What is exponential distribution?

The probability of survival and of failure of components or equipment is under the condition of chance failure which means a constant instantaneous failure rate where the die-off rate is the same for any surviving (unfailed) population. An old part is as good as a new part. For any survivors in this memory-less system that have survived to time t, a certain percent of the survivors will die in a specified interval of time such as 2*t. The reliability of the system is often described by the exponential distribution because many times a system is made-up of mixed failure modes which in the aggregate will function like a constant failure rate system. The reliability of exponential distributions are described mathematically as R(t) = e^(-lt) = e^(-t/Q) where t is the mission time, l is the failure rate, and Q is the mean time, given that l=1/Q. The exponential distribution is frequently used as a first approximation to describe reliability based on a simple failure rate or a simple mean time to failure-particularly if the system or component has multiple failure modes.

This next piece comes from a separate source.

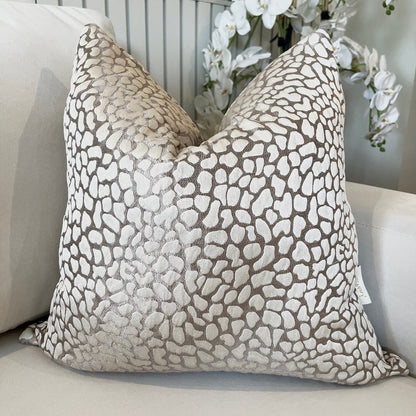 Ivy Mink & Cream Leopard Print Textured Cushion Cover - 50x50cm Textiles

Why use exponential distribution?

The constant hazard rate, l, is usually a result of combining many failure rates into a single number.

When to use exponential distribution?

The exponential distribution is frequently used for reliability calculations as a first cut based on it's simplicity to generate the first estimate of reliability when more details failure modes are not described.

Where to use exponential distribution?

In electronic systems (which can have many different types of failure modes and the fact that any electrical/electronic system is an amalgam of many different components) the simple assumption is that the electrical/electronic package will have a constant failure rate system defined by the exponential distribution. When in doubt about the failure mechanisms, it is common to assume use of the exponential distribution with it's constant failure rate for simplicity.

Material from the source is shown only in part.